L’attesa non è mai dolce, piuttosto è amara, carica di dubbi e incertezze che si materializzano davanti a te: che succederà? Sarò in grado? Non è forse troppo per me? Per poi proseguire con le domande esistenziali di rito, quelle di un curriculum immaginario dove tu stessa sei il datore di lavoro e la candidata da assumere in chissà quale paradiso di beatitudine lavorativa e quindi via col quiz: chi sono? Perché esisto? Qual è il mio posto nell’universo? E così sino a regredire verso i quindici anni di età, per concludere in un trionfo di pessimismo cosmico che Leopardi aveva ragione su tutto, e che Arthur Rimbaud aveva fatto bene a smettere di scrivere e scappare chissà dove.
A parte questo, il censimento della popolazione è stata un’esperienza negativa, ma almeno è servita come talismano pagano ed efficacissimo santino con preghiera, contro la mia personale “dolce attesa”, che poi alla fine non è mai esistita, perché di fatto non ho smesso di lavorare. Dunque il mio appetito di gente è stato saziato a tal punto, che in un eccesso bulimico mi è pure venuto il vomito a causa di tutta quella gente, ingozzata come una gigantesca torta alla panna, spinta con un’ansia malata in fondo alla gola, con la stessa foga di un allevatore di oche da pâté. Ma comunque Welcome to the Jungle!, dicevo fra me, avanti con questo lavoro, piuttosto la foresta amazzonica, tarantole e serpenti, che l’attesa vuota di un futuro tutto proiettato al passato.
Ebbene il censimento consiste, come dice la parola stessa, nel censire la popolazione, stimarne il numero, il grado di istruzione e implicitamente la ricchezza di un paese. Fin qui tutto giusto.
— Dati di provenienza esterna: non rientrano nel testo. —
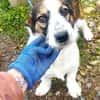 Kinderlieber Apacs sucht Familie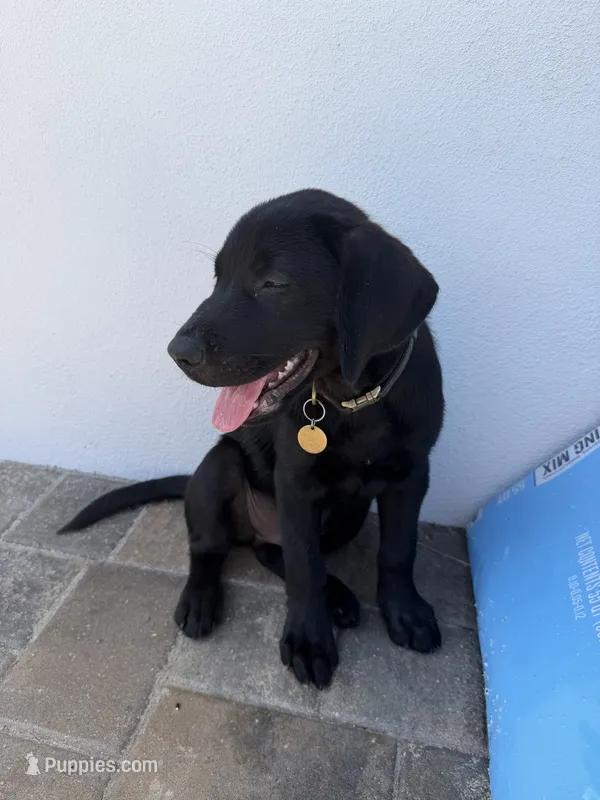 Leo – Labrador Retriever puppy for sale in North Port, FL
Un semplice questionario da compilare in un ufficio messo a disposizione dal comune dove le persone o, meglio, l’intero mondo passa per raccontare i propri affari personali e le proprie disgrazie a un inconsapevole rilevatore, che dietro una scrivania ascolta come in un confessionale ogni piccolo peccato.
Ho conosciuto ingegneri croati che lavorano come camerieri, laureati in lingue albanesi occupati in fabbrica, badanti estoni che vivono in una stanza di venti metri quadrati, una diplomata in canto che lavora al bar. Viene in mente il Tom Joad di Springsteen: Waitin’ for when the last shall be first and the first shall be last…
Il resto non è affatto meglio. Molti fra i cittadini di questo paese sono ostili nei confronti dello Stato, refrattari a qualsiasi banale quesito che possa scoprire la furberia commessa tanto il minuto prima, quanto in epoche antidiluviane. Così, spesso, è imbarazzante chiedere quante stanze ha la casa, quante macchine o quanti cellulari si possiedono in famiglia, oppure il titolo di studio. In altri casi invece risulta addirittura impossibile ottenere che il questionario venga compilato. La maggior parte di loro sono anziani. Ma non quelli che raccontano storie di favolosi antenati a cui ci hanno abituato tanti romanzi, eh no! A parte rare eccezioni, figure eroiche in un panorama desolato, quelli incontrati sul territorio sono diffidenti e possessivi, persino del suolo, che nell’insolito ruolo di rappresentante dello Stato, ero talvolta costretta a calpestare, con l’intento di porre le domande previste dall’Istat.
Per loro l’attesa non esiste.
E alla fine?
Penso che questo censimento abbia colmato il vuoto della mia personale “dolce attesa” e mi abbia restituito quelle più o meno vane di tutti coloro che ho incontrato. Come sempre, aveva ragione Cesare Pavese, lavorare stanca, ma aspettare, credo proprio che in fondo, dopo tutto, sì, credo proprio che uccida.